=== Scraped caption text data ===
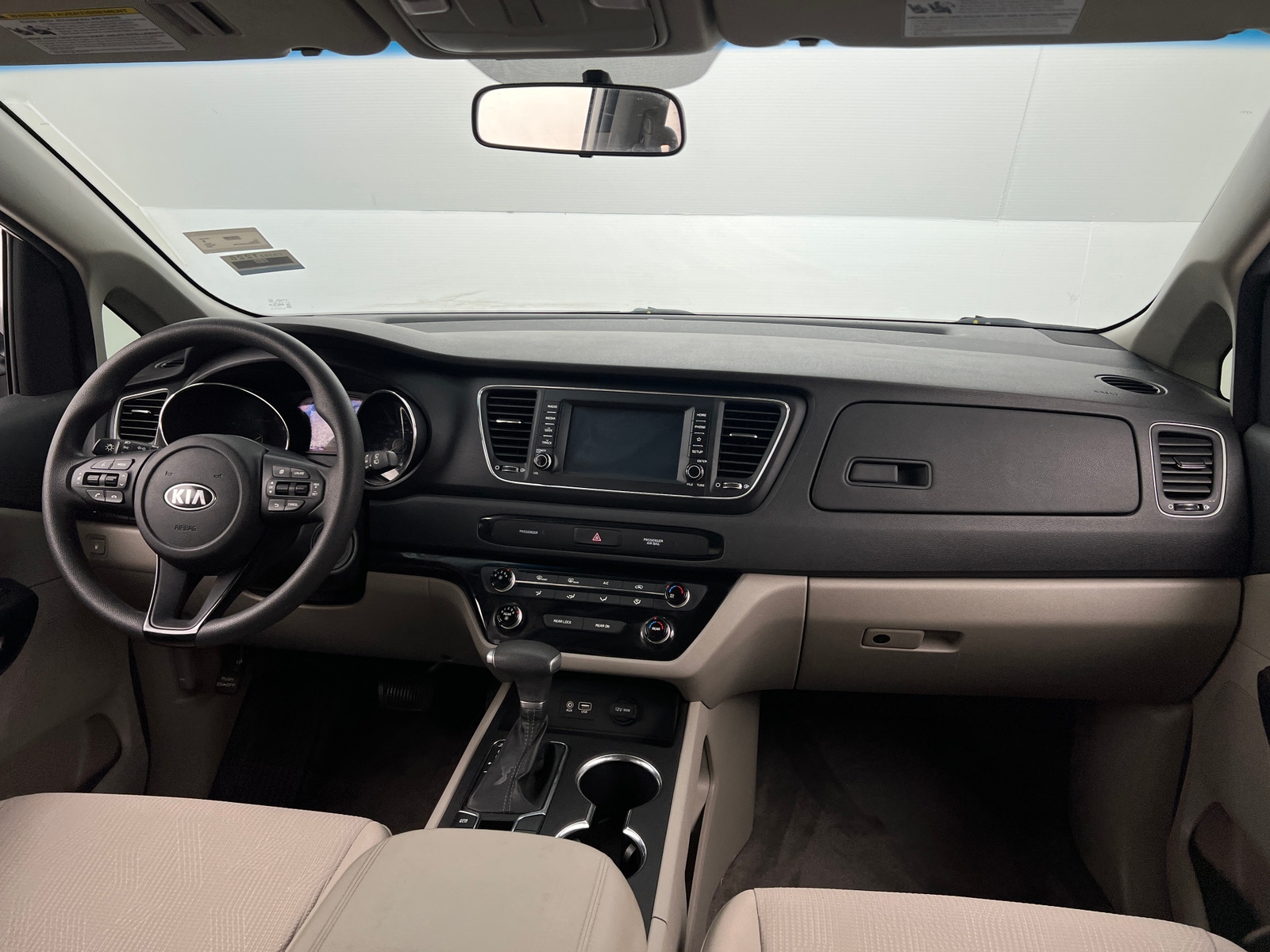 Thumbnail: 2020 Kia Sedona - 3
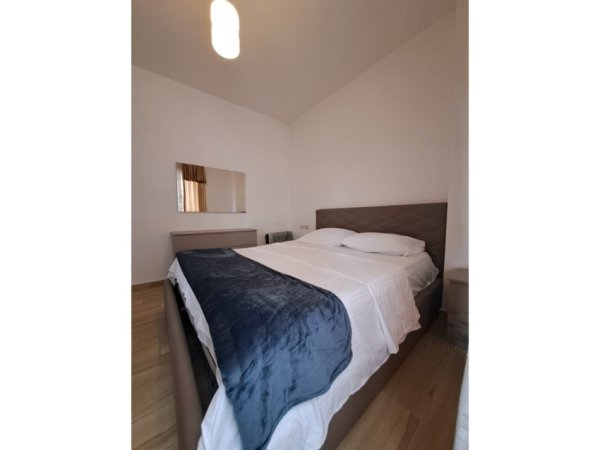 Tirane, jepet me qera apartament 2+1 Kati 2, 85 m² 700 € 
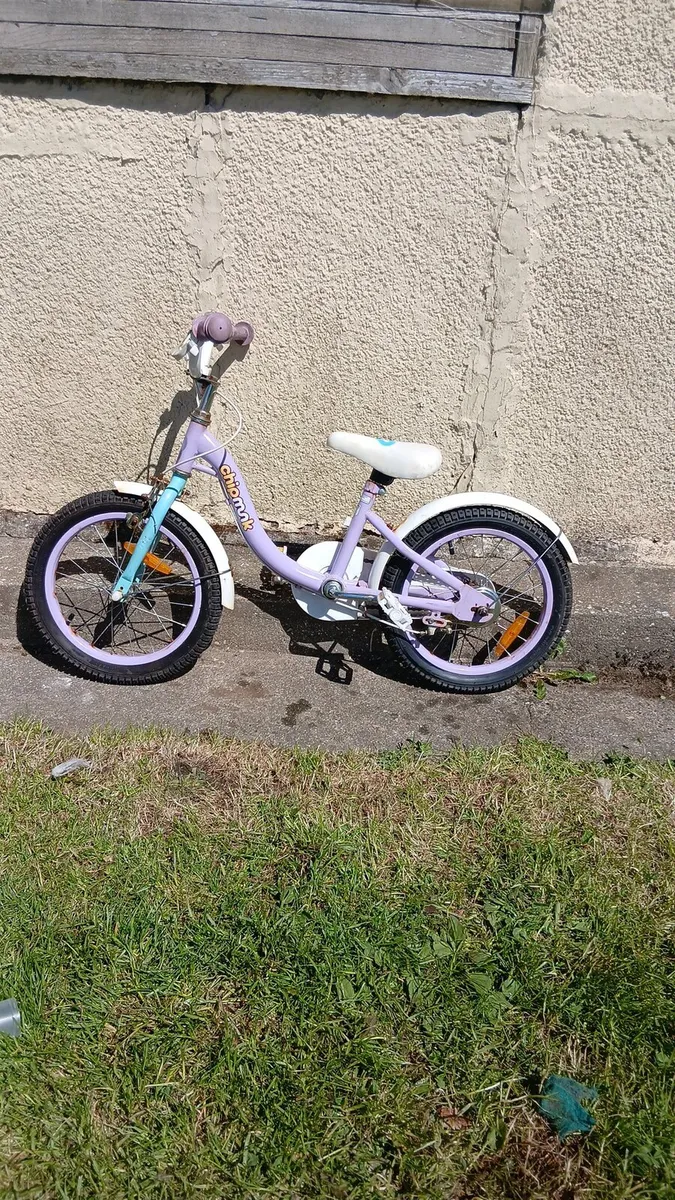 Girls bike ages 4 to 7 - Image 1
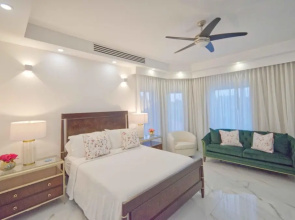 Luxury 6bdr Villa at Tortuga Bay Near Beach Golf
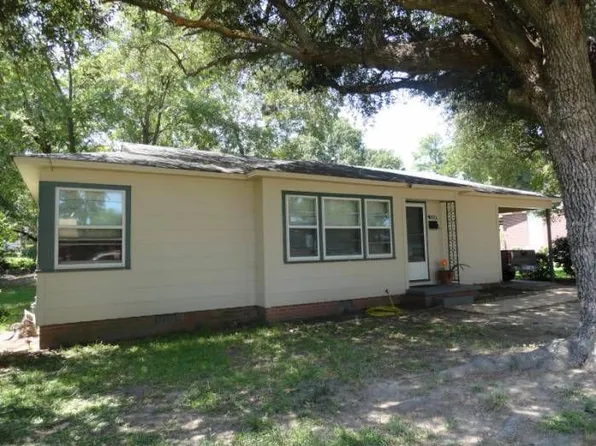 1223 Chestnut St, Magnolia, AR 71753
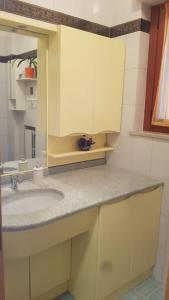 y baño con lavabo y espejo. en Gufo Azzurro, en Sulmona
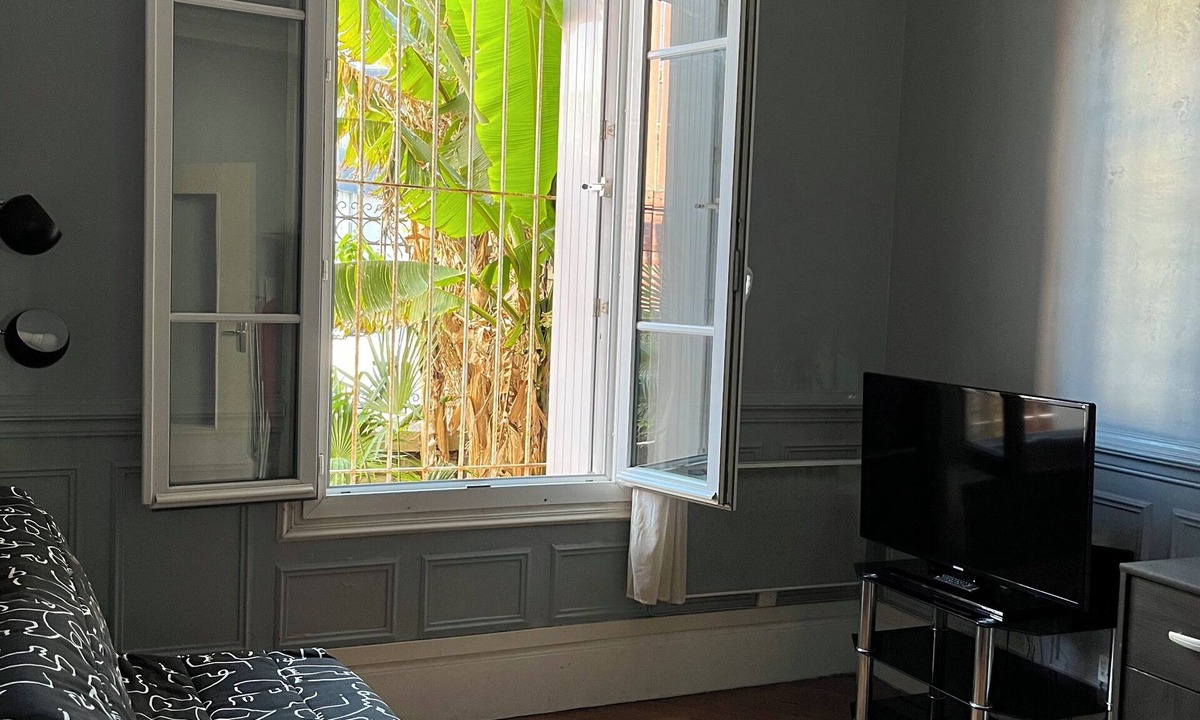 Anatole France Danton Apartment | Comfortable city center studio near train station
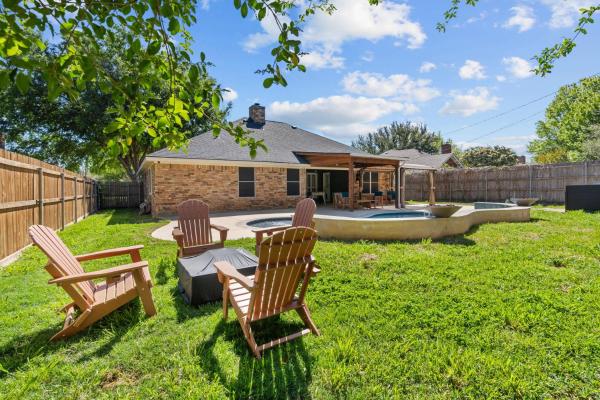 A la foto es mostra l'objecte The Charming House & Pool in DFW situat a la ciutat de Keller.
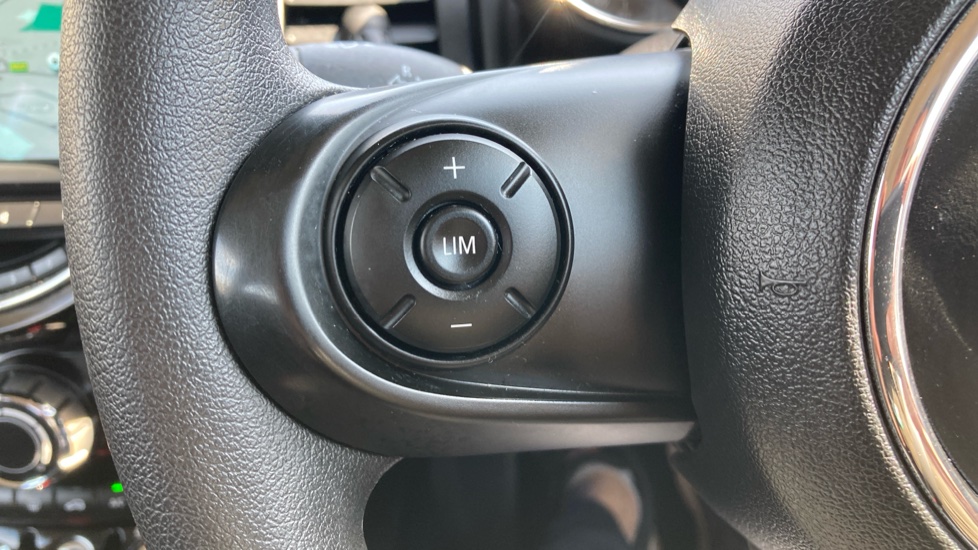 MINI Hatchback 1.5 One Classic II 3dr Petrol Hatchback - Image 25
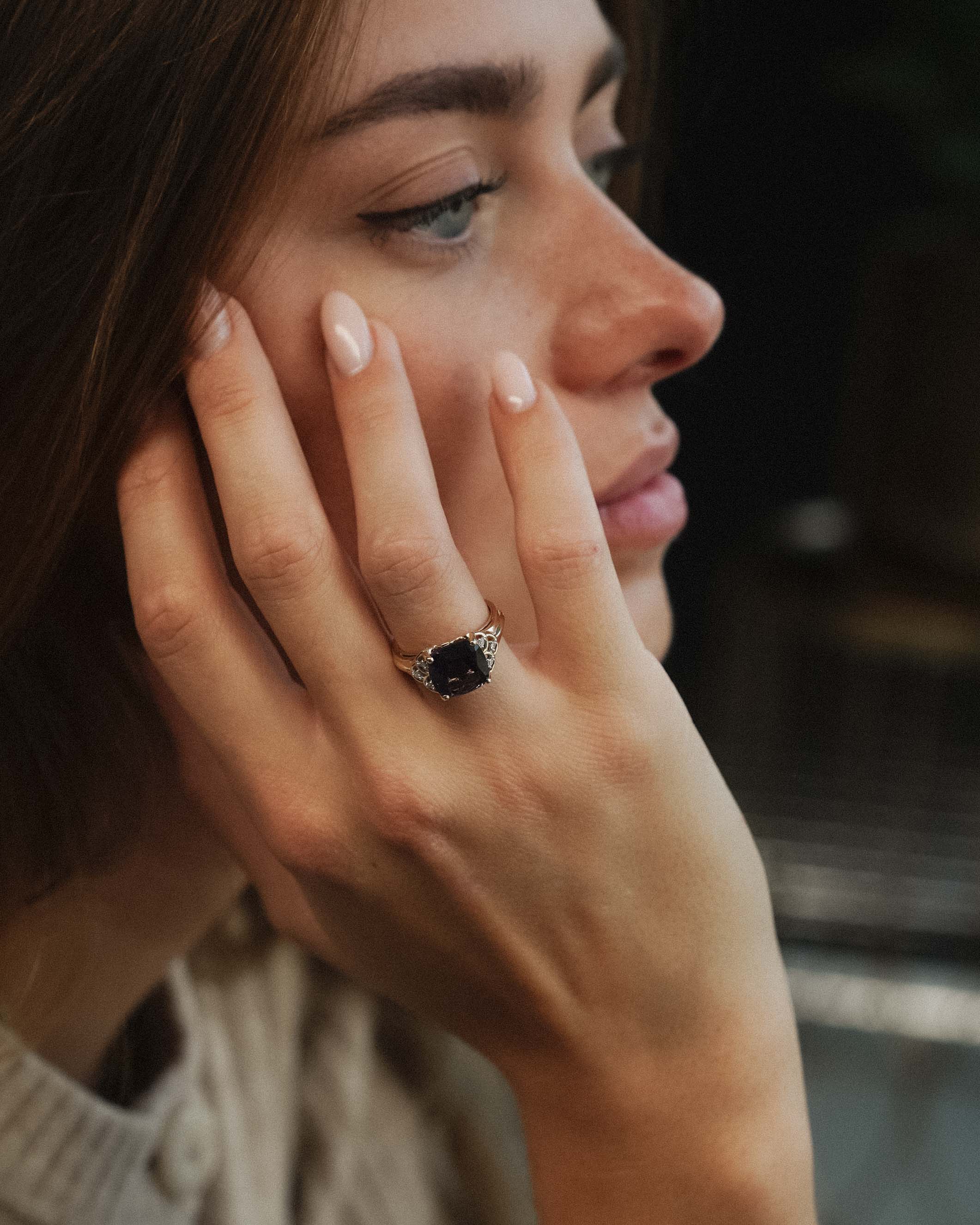 Orielle | Vintage Ioliet Solitaire & Diamant Details Ring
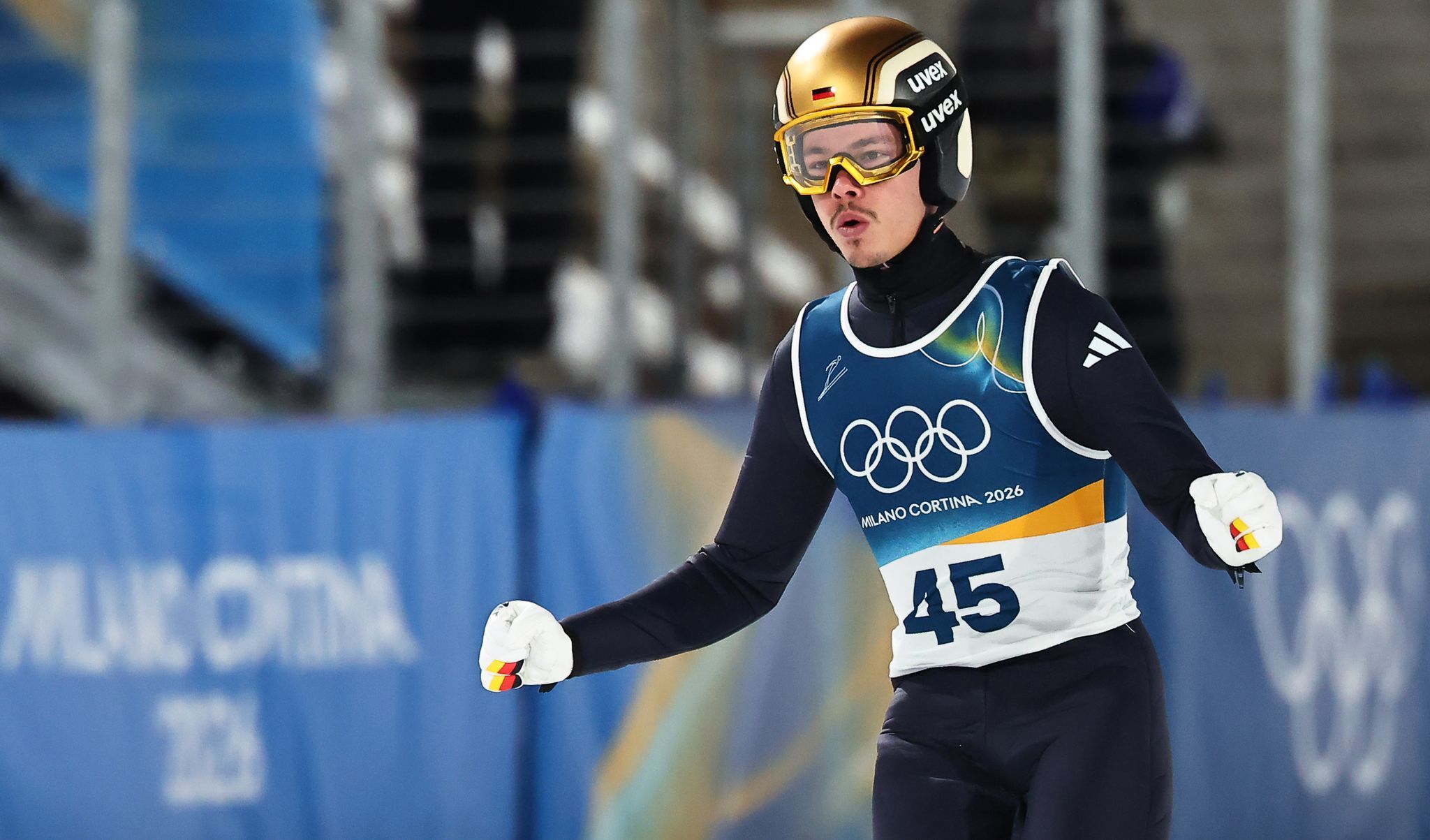 Bei Olympia-Premiere: Raimund holt Gold im Skispringen
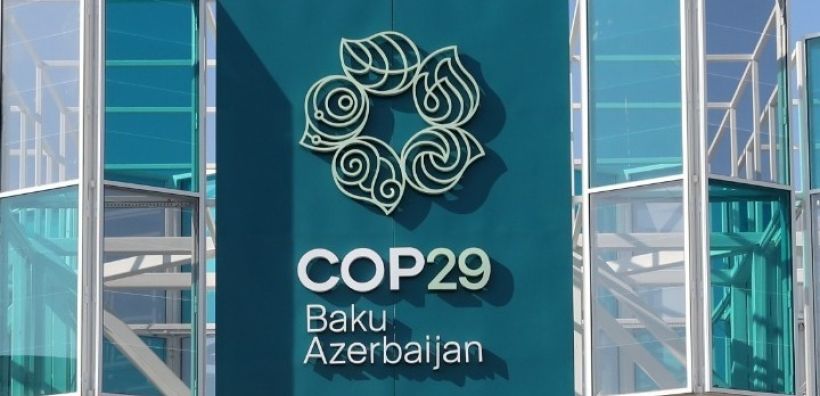 Συμφωνία στην 29η διάσκεψη του ΟΗΕ για την κλιματική αλλαγή: «Σημαντικό βήμα» λένε οι ΗΠΑ, «απογοητευτική» τη θεωρεί η Γαλλία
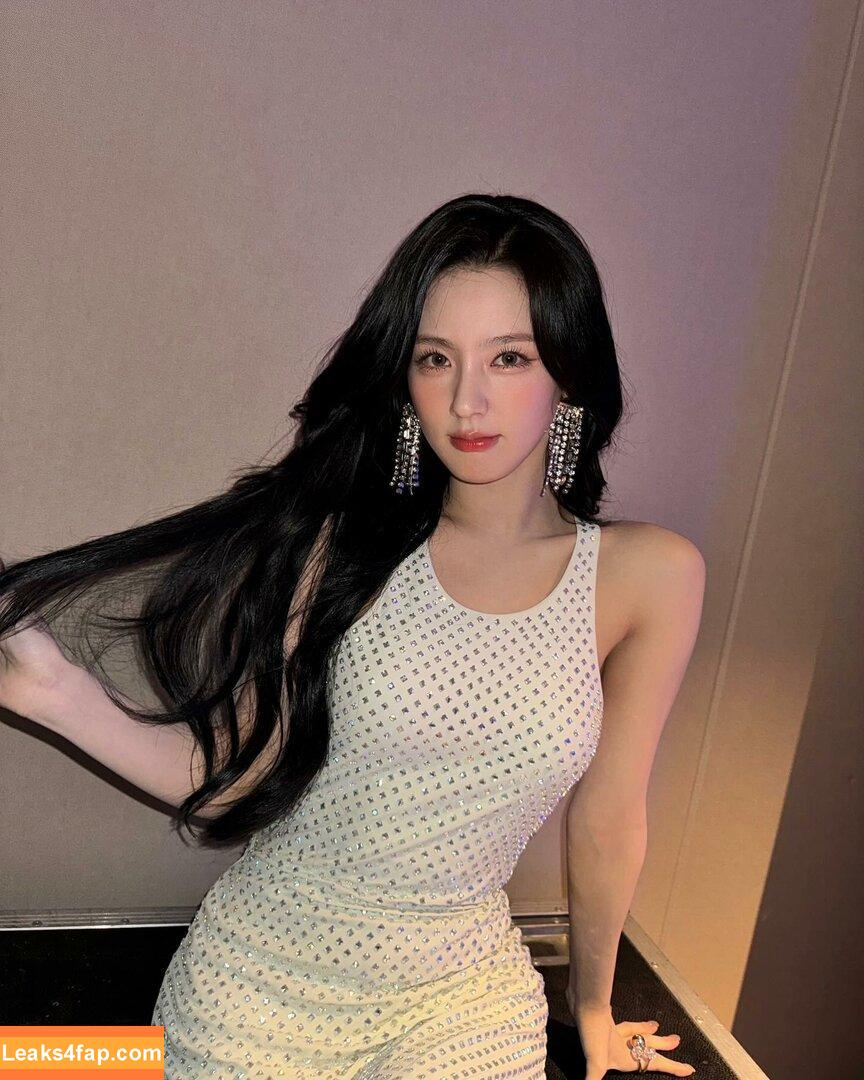 WomenK-pop /  leaked photo photo #4635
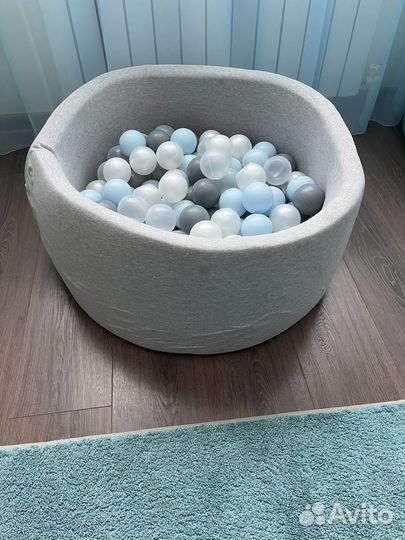 Сухой бассейн с шариками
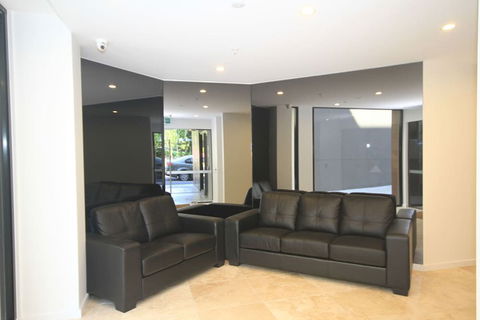 RNR Serviced Apartments North Melbourne - Accommodation Nelson Bay 2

=== Exercise directions ===
Repeat the lines above exactly, beginning with the one containing "Bei Olympia-Premiere: Raimund" and finishing with the one containing "Сухой бассейн с шариками". No pictures belong in the copy.

=== Answer box ===
 Bei Olympia-Premiere: Raimund holt Gold im Skispringen
 Συμφωνία στην 29η διάσκεψη του ΟΗΕ για την κλιματική αλλαγή: «Σημαντικό βήμα» λένε οι ΗΠΑ, «απογοητευτική» τη θεωρεί η Γαλλία
 WomenK-pop /  leaked photo photo #4635
 Сухой бассейн с шариками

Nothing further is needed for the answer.